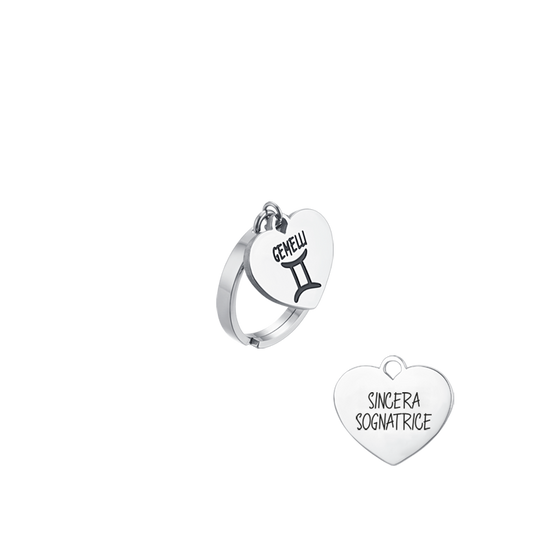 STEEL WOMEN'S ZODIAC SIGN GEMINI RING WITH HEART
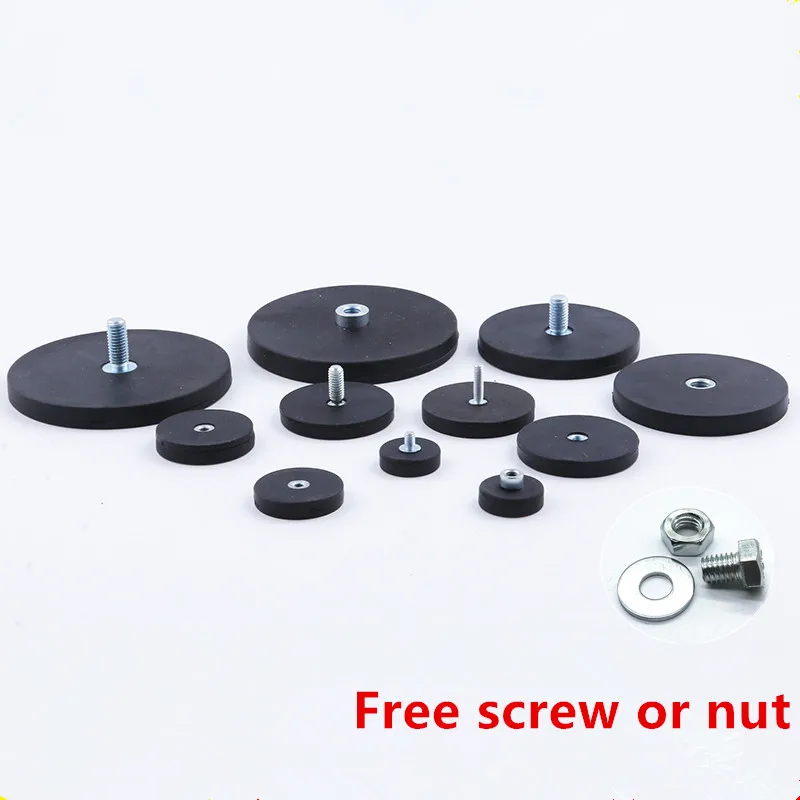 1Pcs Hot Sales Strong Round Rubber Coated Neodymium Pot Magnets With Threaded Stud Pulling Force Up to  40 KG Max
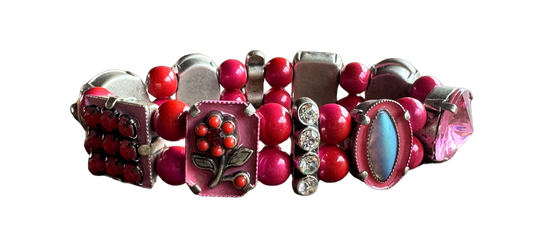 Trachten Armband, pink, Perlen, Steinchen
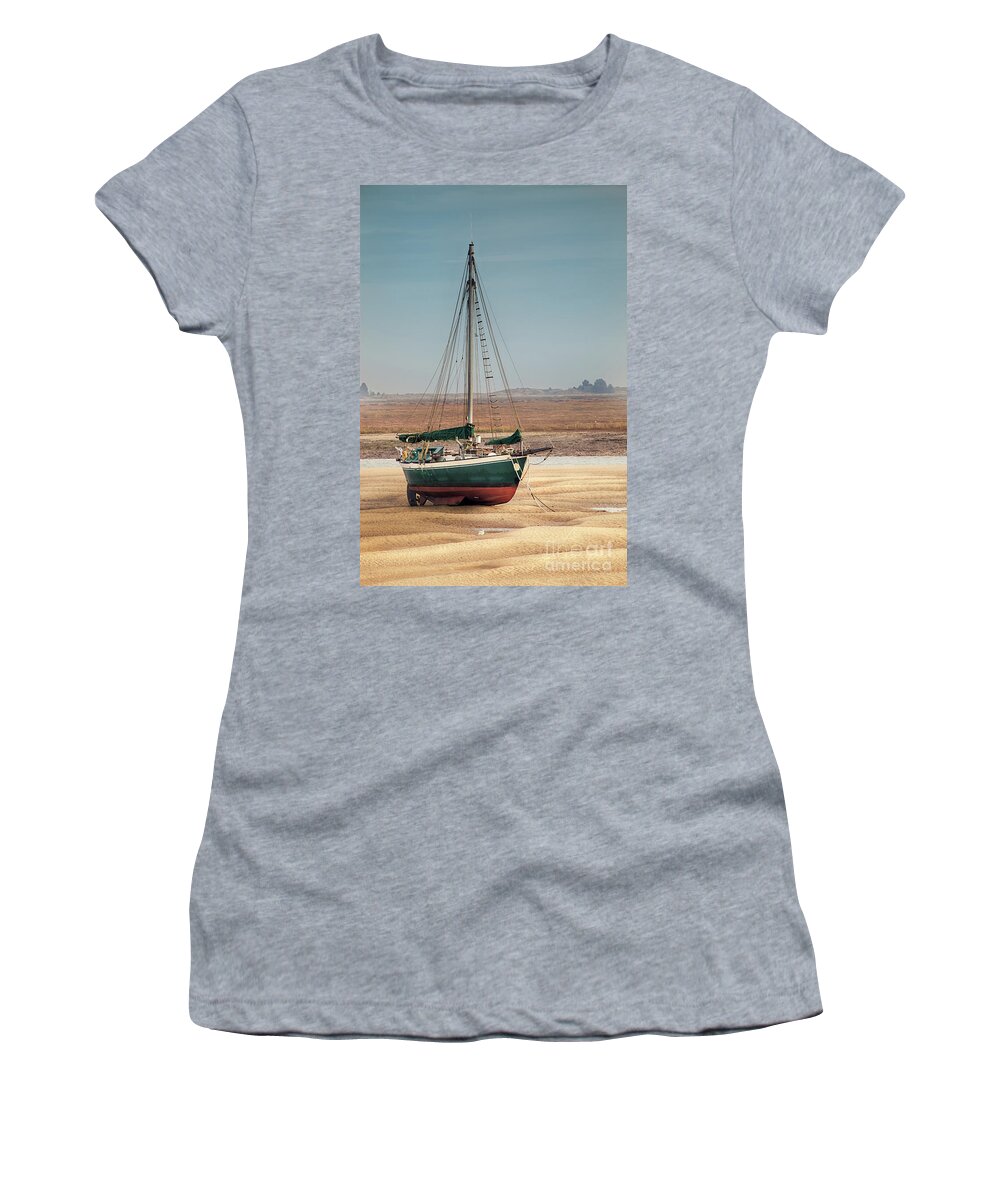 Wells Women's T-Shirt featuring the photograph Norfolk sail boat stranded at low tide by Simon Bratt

--

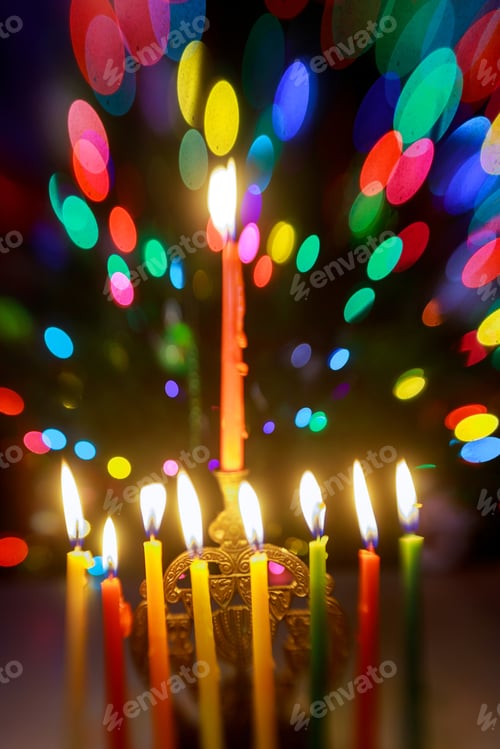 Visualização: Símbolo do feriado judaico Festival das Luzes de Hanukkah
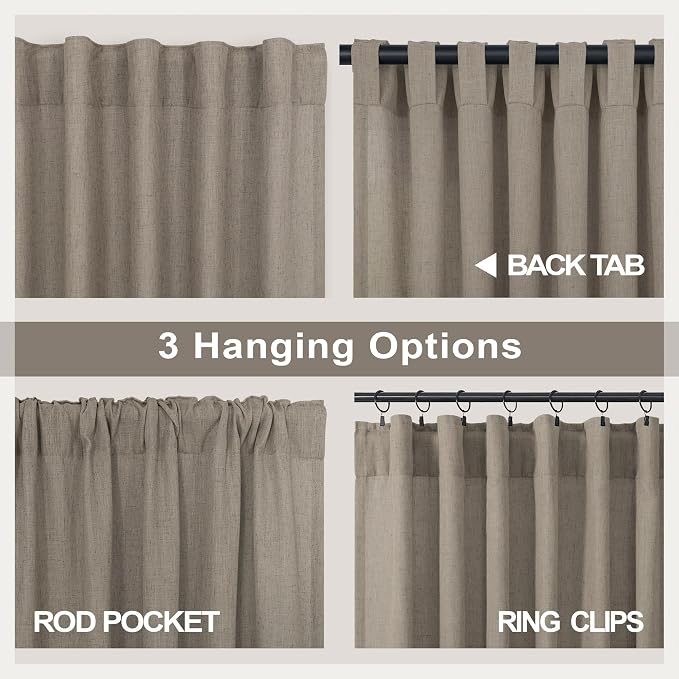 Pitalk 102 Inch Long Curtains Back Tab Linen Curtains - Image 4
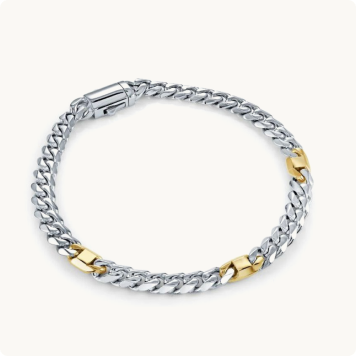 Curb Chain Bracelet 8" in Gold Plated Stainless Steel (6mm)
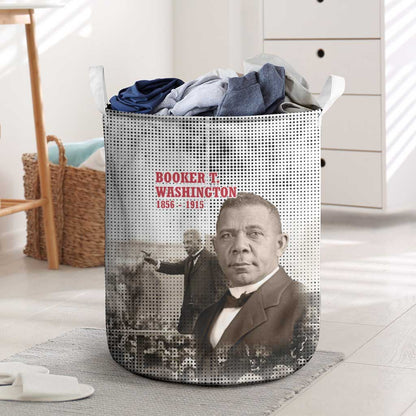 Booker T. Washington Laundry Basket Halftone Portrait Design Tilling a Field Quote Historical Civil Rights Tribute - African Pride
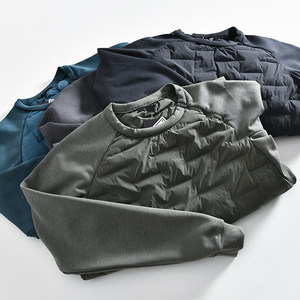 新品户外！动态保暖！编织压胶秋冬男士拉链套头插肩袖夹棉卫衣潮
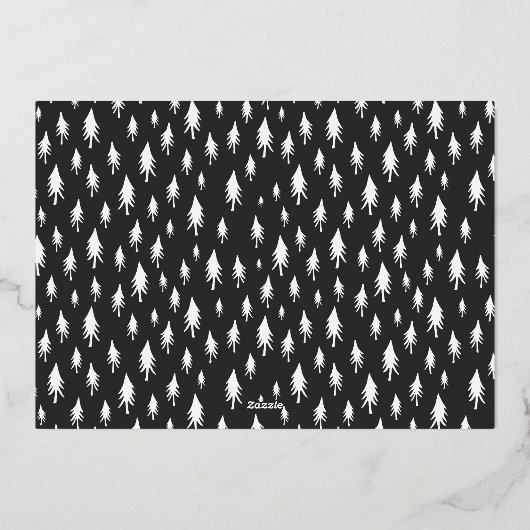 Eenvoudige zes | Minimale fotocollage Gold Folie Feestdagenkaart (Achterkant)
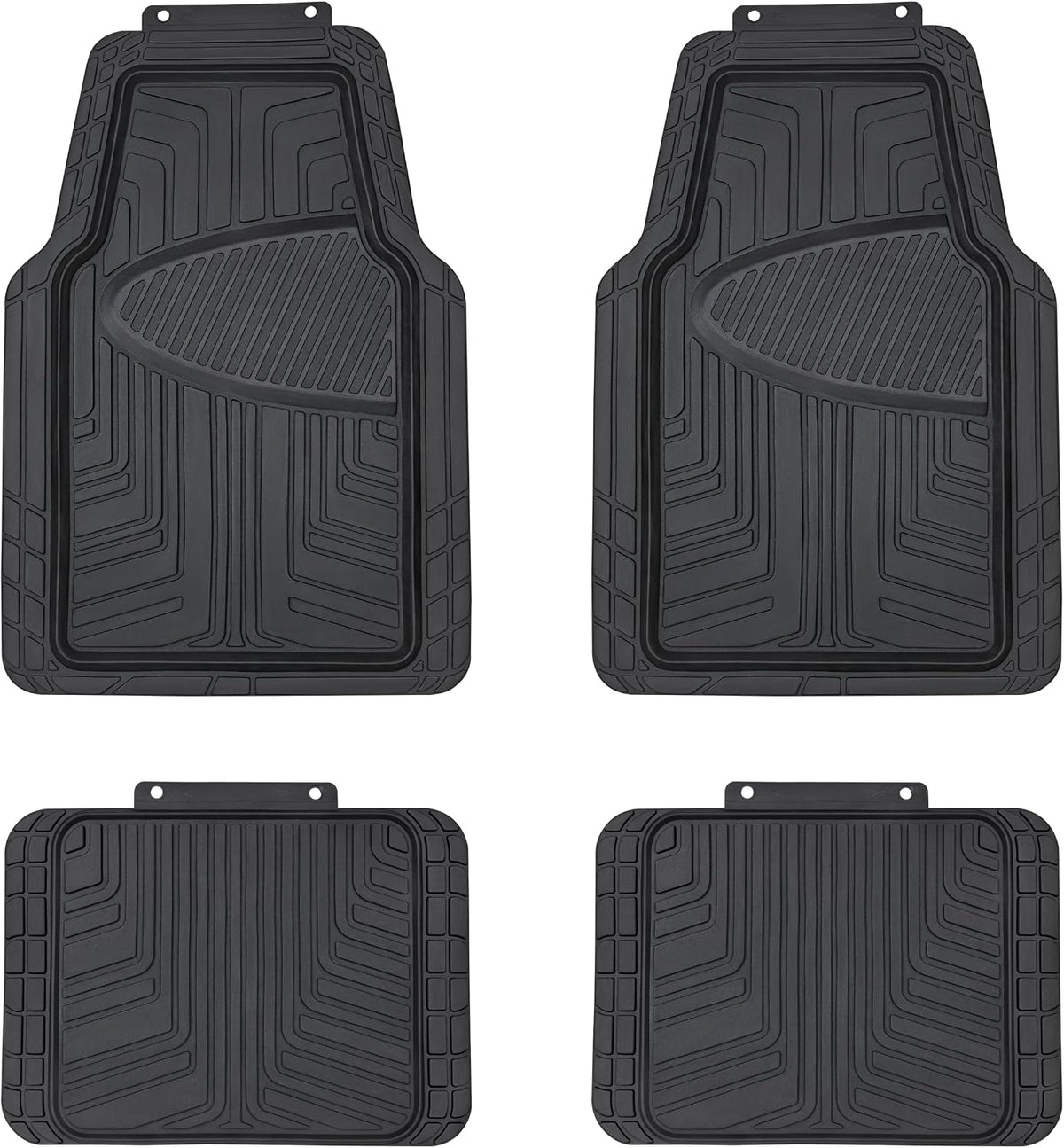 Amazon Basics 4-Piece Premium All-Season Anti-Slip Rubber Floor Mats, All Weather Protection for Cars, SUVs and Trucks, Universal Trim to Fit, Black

What you are asked to do
Please set down, exactly and with no pictures, the lines in the entries above starting at the one holding "Curb Chain Bracelet" and ending at the one holding "Amazon Basics 4-Piece", ends included.

Solution to this task
 Curb Chain Bracelet 8" in Gold Plated Stainless Steel (6mm)
 Booker T. Washington Laundry Basket Halftone Portrait Design Tilling a Field Quote Historical Civil Rights Tribute - African Pride
 新品户外！动态保暖！编织压胶秋冬男士拉链套头插肩袖夹棉卫衣潮
 Eenvoudige zes | Minimale fotocollage Gold Folie Feestdagenkaart (Achterkant)
 Amazon Basics 4-Piece Premium All-Season Anti-Slip Rubber Floor Mats, All Weather Protection for Cars, SUVs and Trucks, Universal Trim to Fit, Black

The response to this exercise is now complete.